User data are constantly collected with various organizations for the purpose of aggregate analysis. Here, the analysist is not interested in individual user data, but rather in user data in the aggregate. Nevertheless, the privacy of individual user data is at risk, for two fundamental reasons: the query result may leak too much information, or the data aggregator itself may leak collected data, intentionally (e.g., selling) or unintentionally (being comprised). A further complication comes from the fact that the analyst is often interested in querying the dataset obtained by joining data collected by different organizations, which poses a secure data sharing problem. In other words, the privacy of data analytics is a two-fold problem, which encompasses the sanitisation of query results as well as the secure storage and sharing of user data.
The project consisted of five work packages in order to solve the above mentioned problems and realize the overall aim to design an effective and privacy-preserving architecture for data analytics.

B7: Privacy-Preserving Digital Capture

Peter Druschel & Bernt Schiele

Sophisticated mobile computing, sensing and recording devices like smartphones and Google Glass are carried by their users virtually around the clock, thus blurring the distinction between the online and offline worlds. While these devices enable transformative new applications and services, they also introduce entirely new threats to users’ privacy, because they can capture a complete record of the user’s location, online and offline activities, and social encounters, including an audiovisual record. In this project, we aim to protect users’ privacy in the presence of mobile and wearable devices with recording capabilities. As a basic building block, we will develop privacy-preserving mechanisms to associate a network communication endpoint with robust signatures of the user which can be based e.g. on the visual appearance or the voice of the user. Using such a mechanism, a device can advertise, via the Internet or short-range radio (e.g.

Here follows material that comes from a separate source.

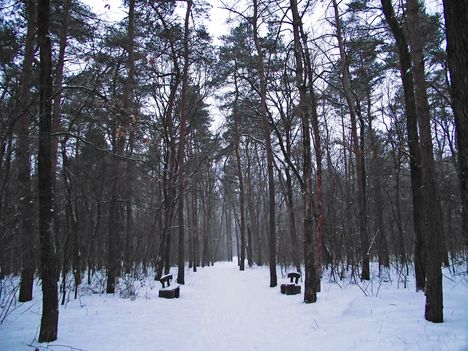 Nyírségi erdő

Bluetooth), a signature of its owner’s appearance. The challenge lies on the one hand to develop signatures and corresponding mechanisms that allow to robustly identify the device’s owner in a photo or video, yet, without such a recording, are insufficient to identify the owner, or track the owner across repeated encounters. A mechanism with this capability can be used as follows.
A device can advertise to nearby devices its owner’s signature along with the device owner’s privacy preferences. A preference may state, for instance, that the owner wishes to have her face blurred in any photo or video taken by other devices. We will develop an architecture that enables the platform software on mobile devices (Android, iOS, Windows Phone) to enforce these privacy preferences independent of applications. Additionally, based on the same principles, we will research ways to also protect “privacy” of objects.